そして、姿勢センサ233は、携帯可能情報処理装置100の姿勢を検出するセンサであり、具体的には、姿勢を示す天頂角θと方位角φとが検出される。ここで、天頂角θは、たとえば、水平面NEに対してX軸がなす角度として定義することができ、方位角φは、たとえば、水平面NEへのX軸の投影像とN軸とのなす角度として定義することができる(N軸の検出には、磁気センサを用いればよい。)。別言すれば、携帯可能情報処理装置100の姿勢は、NEUグローバル座標系におけるX軸の向きとして定義されることになり、姿勢センサ233は、このX軸の向きを検出する傾斜センサということになる。この姿勢を示す天頂角θと方位角φも、やはり携帯可能情報処理装置100が運動状態にあるのか、静止状態にあるのか、を判断するためのパラメータとして機能する。
上述した機能を果たす加速度センサ231、角速度センサ232、姿勢センサ233は、様々な原理に基づくものが市販されているため、ここではその仕組についての詳細な説明は省略する。現在市販されているスマートフォンやタブレット型電子端末には、このような物理的なセンサが内蔵されているものも少なくない。なお、図9には、3種類のセンサ231,232,233のすべてが組み込まれた例を示してあるが、もちろん、いずれか1つのセンサのみを用いて放置状態判定部230を構成してもかまわない。
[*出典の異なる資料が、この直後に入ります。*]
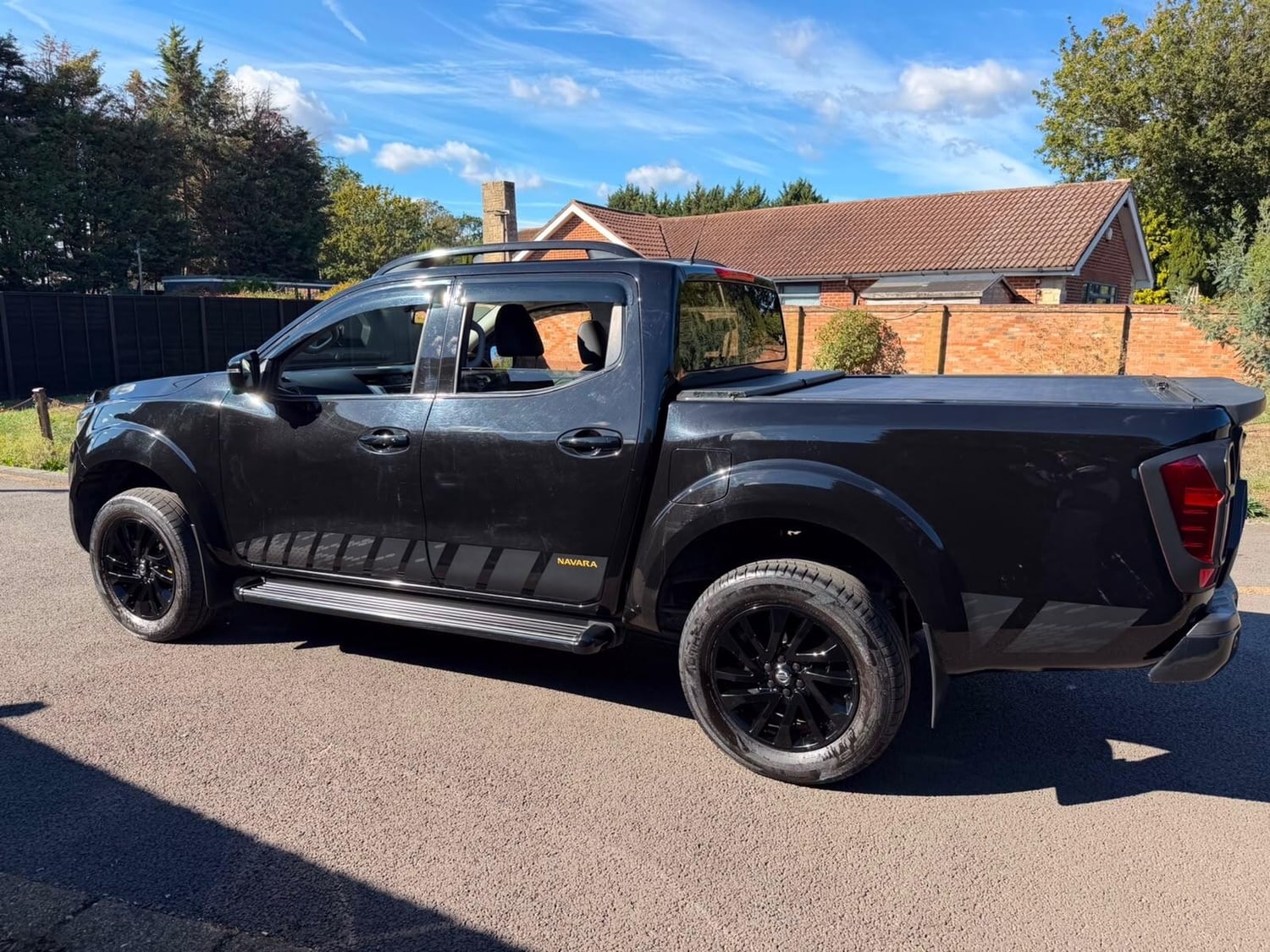 Nissan Navara 2019 - Vans & Commercial Vehicles in Addlestone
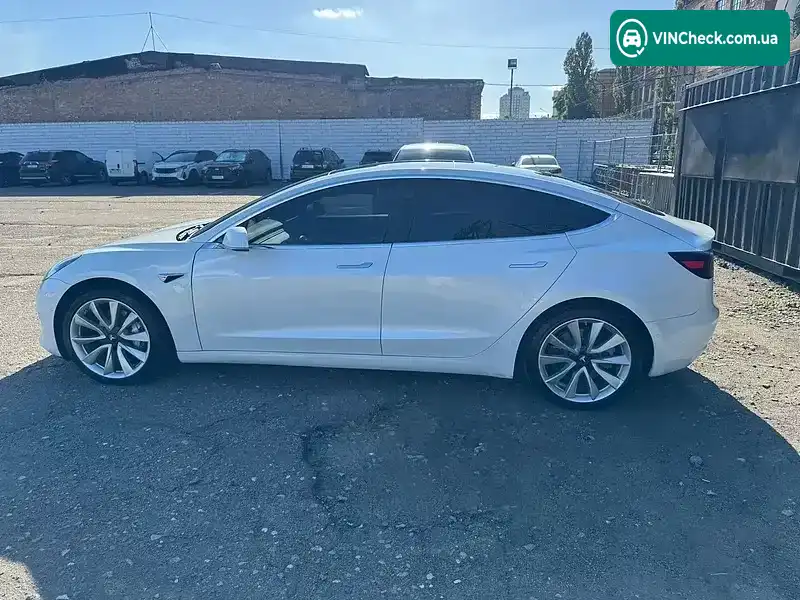 Tesla Model 3 2019, фото з оголошення 2 з 19, VIN 5YJ3E1EC0LF627651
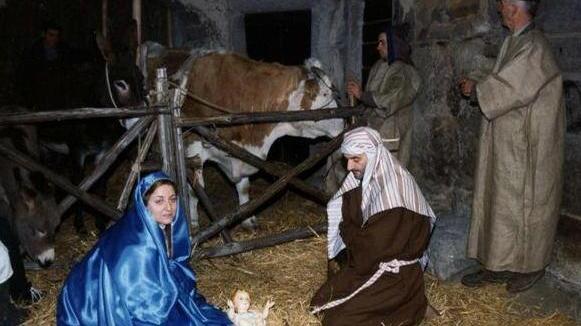 Paola Monaci molla tutto Il presepe perde... la testa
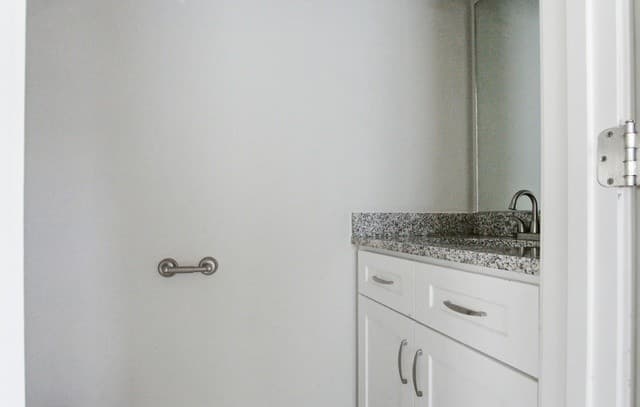 3-bedroom rental at 6714 Utopia Hts in San Antonio, TX — photo 4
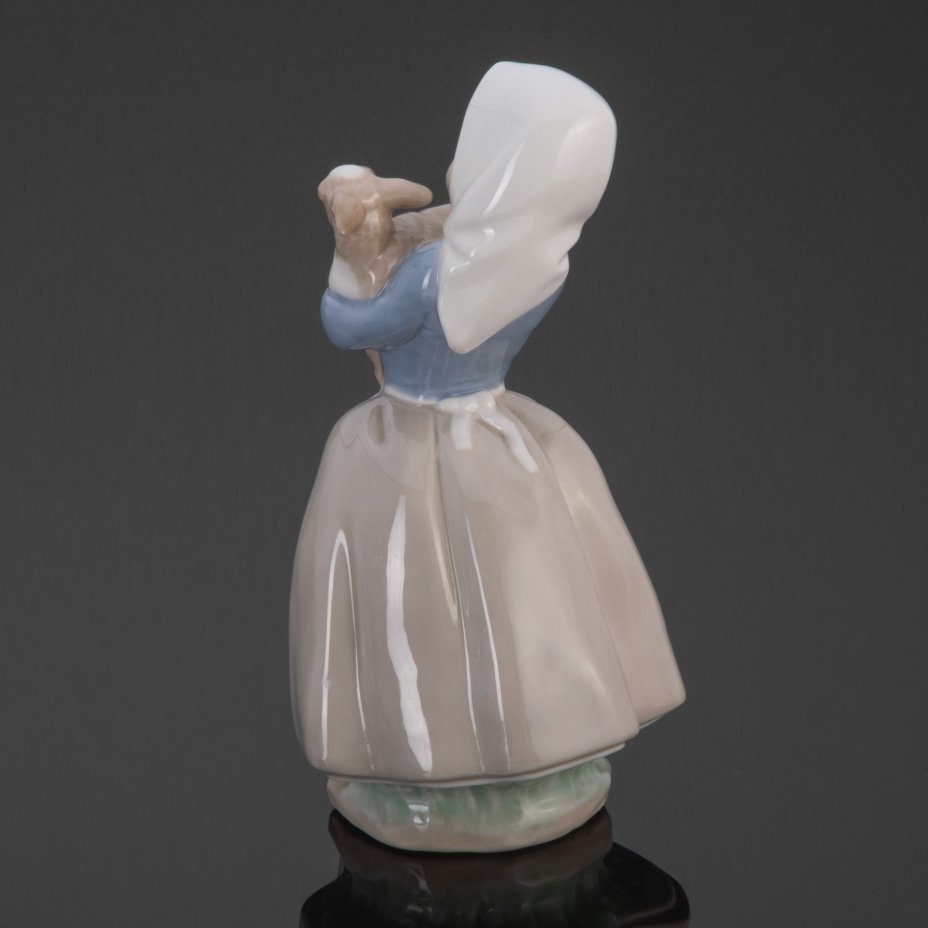 Статуэтка "Девочка с ягненком", фарфор, роспись, NAO Porcelain, Испания, 1982-1996 гг., NAO Porcelain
動静状態認識部234は、これら各検出センサ231,232,233の出力を所定のサンプリング周期でモニタし、運動状態か静止状態かを認識する処理を行う構成要素であり、継続時間判定部235は、この動静状態認識部234が静止状態と認識した期間が所定の放置判定時間以上継続した場合に放置状態との判定を行う構成要素である。
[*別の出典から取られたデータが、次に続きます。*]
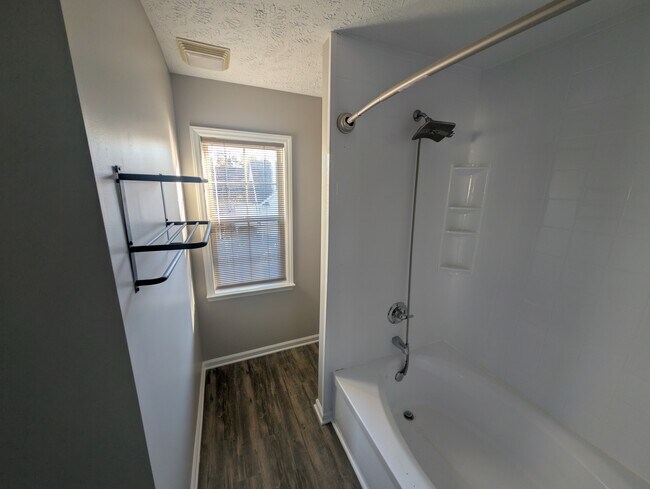 Building Photo - 717 Windsor Dr SE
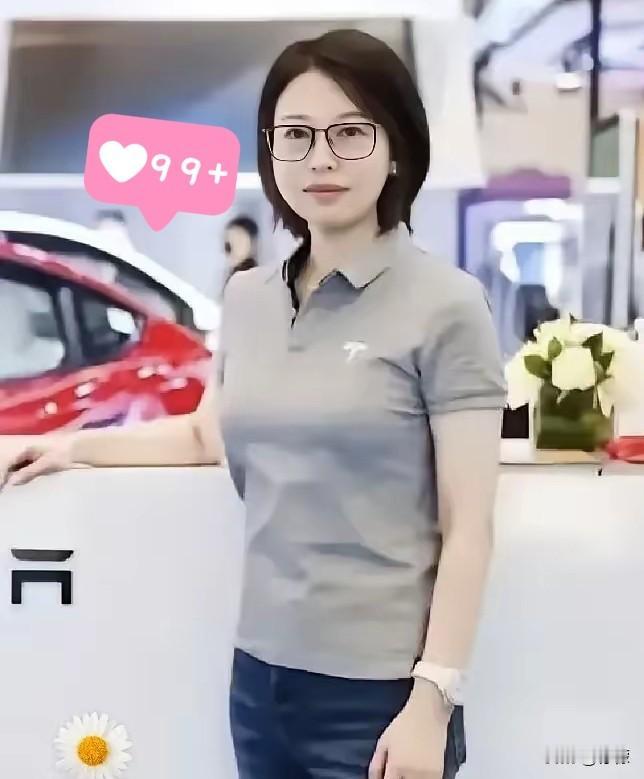 新能源行业
又爆出不小的人事风波，雷军再度招揽特斯拉的核心骨干，有着丰富实战经历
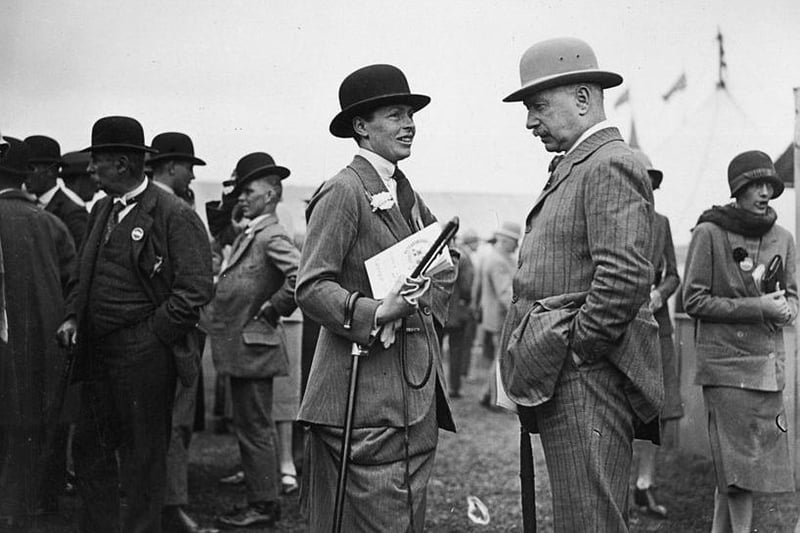 Mrs Barbara Miller and Col Mosele Leigh at the Foxhound Show at Peterborough in July 1927, .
ここでは、動静状態認識部234が、加速度センサ231の出力を所定のサンプリング周期でモニタし、運動状態か静止状態かを認識する場合の具体的な処理方法の一例を説明しよう。たとえば、動静状態認識部234が、20Hzで検出値のサンプリングを行うことにすれば、50msごとに、加速度αx,αy,αzの各検出値がデジタルデータとして取り込まれることになる。
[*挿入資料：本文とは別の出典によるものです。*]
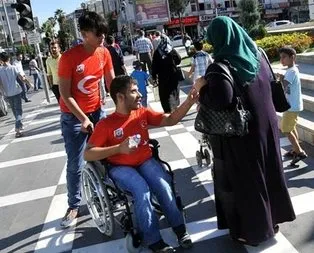 Provokasyonlara karşı gül dağıttılar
通常、スマートフォンやタブレット型電子端末などは手に持って操作され、操作中は、空間上で微小な振動を生じることになる。一方、携帯型パソコンの場合は、テーブルの上などに置いた状態で操作されるのが一般的であるが、キーボードの操作などにより、使用中は、やはり空間上で微小な振動を生じることになる。
動静状態認識部234は、このように、利用者が装置100を利用している場合には、これを運動状態と認識するように設定されている。具体的には、動静状態認識部234は、センサの出力の時間的変動が所定の閾値以内に収まっている場合に静止状態との認識を行い、閾値を超えた場合には運動状態との認識を行う。上例の場合、20Hzでサンプリングが行われるため、50msごとに得られる各検出値について、時間に関する変動量が所定の閾値を超えているか否かの判定が行われることになる。
図10は、上述の方針に基づいて、動静状態認識部234によって行われる具体的な認識方法を示すグラフである。グラフの横軸は時間t、縦軸は加速度センサ231によって検出された加速度αxを示している。図示の例の場合、加速度センサ231の検出値αxには、重力加速度成分gxと振動加速度成分(振動によって生じる加速度成分)とが混在している。ここで、重力加速度成分gxはバイアス成分となり、装置100の姿勢に変化が生じない限り、常に一定の値(重力加速度gのX軸方向成分に対応する値)を維持する。加速度αxの値を20Hz程度のサンプリングレートで採取すると、通常、この例のように、重力加速度成分gxを中心とする振動波形グラフが得られる。
ここで、装置100がテーブルの上などに置かれて静止状態にあると、振動加速度成分は非常に小さくなるため、図10に示すような振動波形の振幅値は所定の閾値Δ以内に収まる。ところが、利用者が装置100を取り上げて、手にもったまま操作を行うと運動状態になり、振幅値が当該閾値Δを超える現象が認められる。そこで、予め適切な閾値Δを設定しておけば、検出値αxの振幅値が閾値Δを超えた場合には運動状態、それ以外の場合には静止状態と認識することができる。
図示の例の場合、時刻t0〜t1までの振幅値は閾値Δ以内に収まっているが、時刻t1〜t2の期間は振幅値が閾値Δを超え、時刻t2以降は振幅値が再び閾値Δ以内に収まっている。したがって、加速度のX軸方向成分αxの判定に関しては、時刻t0〜t1の期間は静止状態、時刻t1〜t2の期間は運動状態、時刻t2〜の期間は静止状態と認識することができる。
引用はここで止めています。